Task description> Copy out the listing in full, exactly as written, but not its pictures.

Collected data>
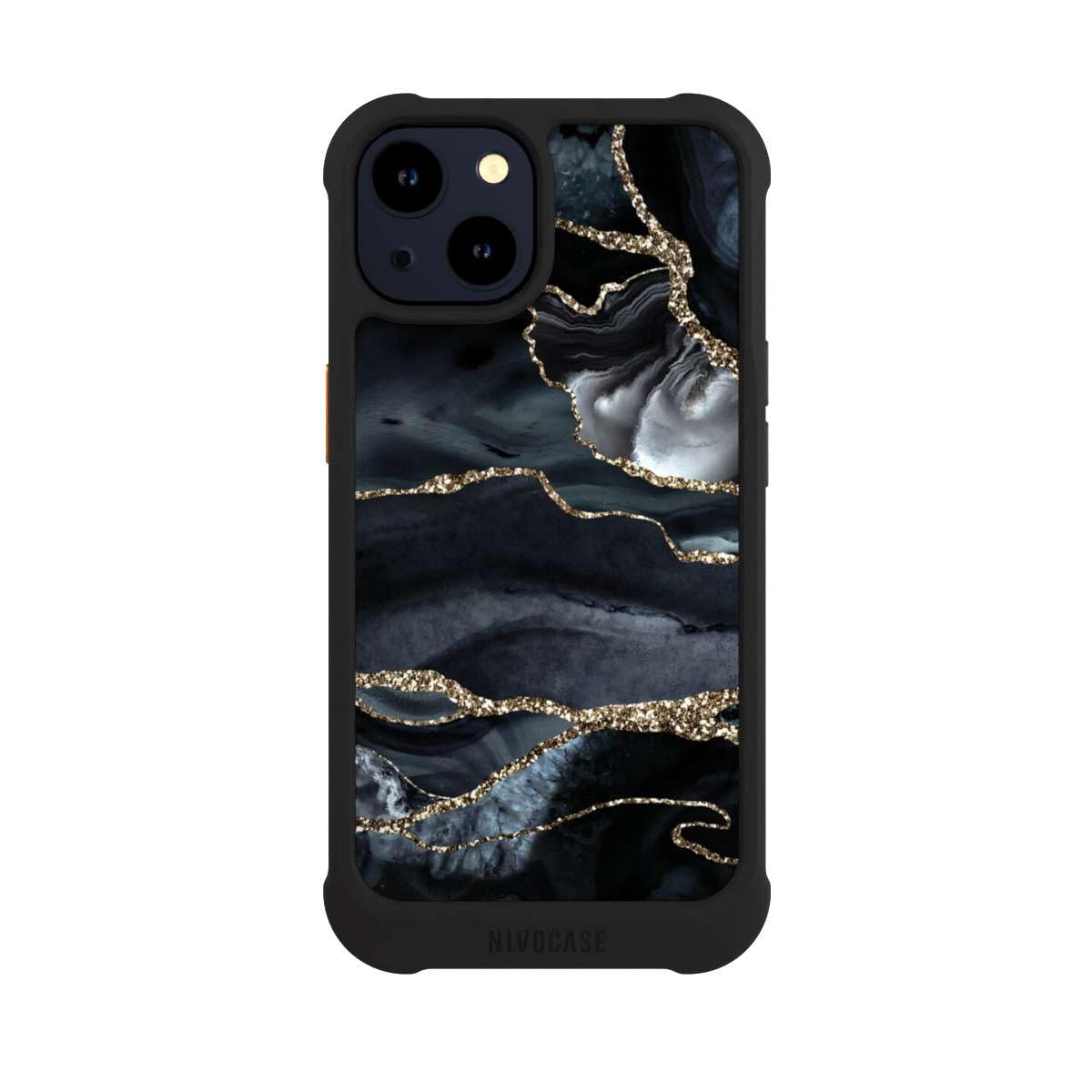 Custodia per Apple iPhone 14 Glitter Look Marmo trend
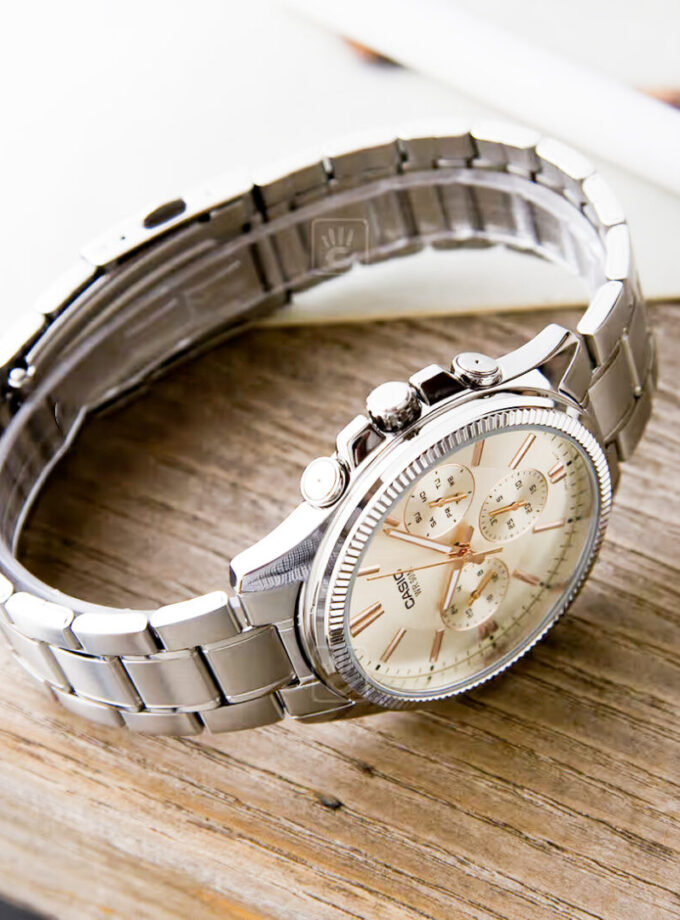 aiwatch_MTP-1375D-7A2VDF - Montre Homme Casio - MTP-1375D-7A2VDF - Bracelet en acier Inoxydable - Affichage analogique - Résistant à l'eau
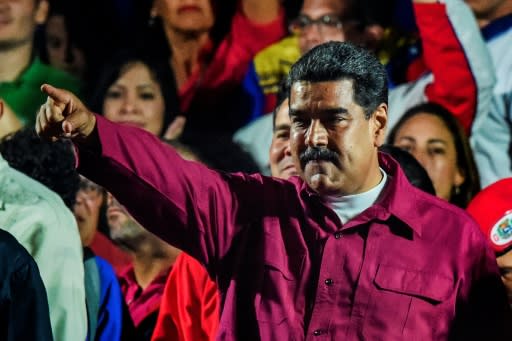 43 prisoners behind bars for "political violence" were released as part of a program by Venezuelan President Nicolas Maduro, pictured May 2018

Answer to this problem>
 Custodia per Apple iPhone 14 Glitter Look Marmo trend
 aiwatch_MTP-1375D-7A2VDF - Montre Homme Casio - MTP-1375D-7A2VDF - Bracelet en acier Inoxydable - Affichage analogique - Résistant à l'eau
 43 prisoners behind bars for "political violence" were released as part of a program by Venezuelan President Nicolas Maduro, pictured May 2018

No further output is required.